_WHAT IS REQUIRED_
Could you repeat, word for word, only the lines from the one containing "2/11 Charles, Joyner QLD 4500" through the final line of the records below?

Items from a data source
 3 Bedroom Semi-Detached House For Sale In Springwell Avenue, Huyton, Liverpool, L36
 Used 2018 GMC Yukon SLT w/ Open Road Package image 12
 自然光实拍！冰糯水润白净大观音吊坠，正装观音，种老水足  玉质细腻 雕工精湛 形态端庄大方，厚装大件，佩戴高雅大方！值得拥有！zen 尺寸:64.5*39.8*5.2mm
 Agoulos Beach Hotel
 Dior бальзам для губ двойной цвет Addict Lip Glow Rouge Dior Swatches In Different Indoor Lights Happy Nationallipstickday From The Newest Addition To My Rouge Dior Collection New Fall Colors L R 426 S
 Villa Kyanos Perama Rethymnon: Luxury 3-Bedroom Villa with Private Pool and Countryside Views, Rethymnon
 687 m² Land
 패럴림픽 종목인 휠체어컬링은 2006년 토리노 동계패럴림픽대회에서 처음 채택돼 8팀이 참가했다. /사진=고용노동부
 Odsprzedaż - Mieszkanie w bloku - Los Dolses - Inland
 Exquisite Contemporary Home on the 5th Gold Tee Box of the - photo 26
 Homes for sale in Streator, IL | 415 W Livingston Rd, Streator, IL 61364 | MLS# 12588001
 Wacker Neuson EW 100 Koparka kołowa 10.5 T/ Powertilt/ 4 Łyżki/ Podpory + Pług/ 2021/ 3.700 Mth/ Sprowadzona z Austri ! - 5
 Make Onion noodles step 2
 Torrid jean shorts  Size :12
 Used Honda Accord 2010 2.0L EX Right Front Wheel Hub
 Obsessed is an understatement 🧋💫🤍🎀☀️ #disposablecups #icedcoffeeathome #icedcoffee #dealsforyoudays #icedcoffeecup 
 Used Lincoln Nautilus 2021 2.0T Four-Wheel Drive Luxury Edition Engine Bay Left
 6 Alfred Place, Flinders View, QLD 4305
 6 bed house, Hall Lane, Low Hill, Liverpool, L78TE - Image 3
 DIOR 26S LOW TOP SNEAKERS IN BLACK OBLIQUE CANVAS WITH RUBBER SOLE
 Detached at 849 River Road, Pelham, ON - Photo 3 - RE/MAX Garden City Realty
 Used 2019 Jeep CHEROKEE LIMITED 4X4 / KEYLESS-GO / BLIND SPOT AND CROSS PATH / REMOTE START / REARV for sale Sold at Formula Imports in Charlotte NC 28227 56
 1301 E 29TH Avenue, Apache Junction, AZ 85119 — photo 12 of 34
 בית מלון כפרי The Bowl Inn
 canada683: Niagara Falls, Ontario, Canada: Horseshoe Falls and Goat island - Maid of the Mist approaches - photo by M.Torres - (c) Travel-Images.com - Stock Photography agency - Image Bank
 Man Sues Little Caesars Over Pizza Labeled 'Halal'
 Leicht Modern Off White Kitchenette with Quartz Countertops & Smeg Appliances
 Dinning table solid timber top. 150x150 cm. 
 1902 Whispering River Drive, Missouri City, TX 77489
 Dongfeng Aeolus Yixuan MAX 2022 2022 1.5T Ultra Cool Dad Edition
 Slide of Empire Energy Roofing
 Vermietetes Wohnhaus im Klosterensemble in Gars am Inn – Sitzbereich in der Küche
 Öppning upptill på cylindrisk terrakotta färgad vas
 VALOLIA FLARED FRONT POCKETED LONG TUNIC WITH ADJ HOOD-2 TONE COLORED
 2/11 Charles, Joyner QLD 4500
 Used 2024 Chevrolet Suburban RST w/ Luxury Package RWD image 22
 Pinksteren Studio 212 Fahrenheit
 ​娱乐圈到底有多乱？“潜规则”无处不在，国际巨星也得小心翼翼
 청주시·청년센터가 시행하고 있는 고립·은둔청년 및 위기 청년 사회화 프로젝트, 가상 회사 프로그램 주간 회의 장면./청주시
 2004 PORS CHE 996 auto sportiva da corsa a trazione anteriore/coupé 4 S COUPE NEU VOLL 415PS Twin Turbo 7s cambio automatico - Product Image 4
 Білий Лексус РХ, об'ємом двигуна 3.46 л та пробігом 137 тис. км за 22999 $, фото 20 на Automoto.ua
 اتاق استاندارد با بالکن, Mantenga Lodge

_ANSWER TO THE PROBLEM_
 2/11 Charles, Joyner QLD 4500
 Used 2024 Chevrolet Suburban RST w/ Luxury Package RWD image 22
 Pinksteren Studio 212 Fahrenheit
 ​娱乐圈到底有多乱？“潜规则”无处不在，国际巨星也得小心翼翼
 청주시·청년센터가 시행하고 있는 고립·은둔청년 및 위기 청년 사회화 프로젝트, 가상 회사 프로그램 주간 회의 장면./청주시
 2004 PORS CHE 996 auto sportiva da corsa a trazione anteriore/coupé 4 S COUPE NEU VOLL 415PS Twin Turbo 7s cambio automatico - Product Image 4
 Білий Лексус РХ, об'ємом двигуна 3.46 л та пробігом 137 тис. км за 22999 $, фото 20 на Automoto.ua
 اتاق استاندارد با بالکن, Mantenga Lodge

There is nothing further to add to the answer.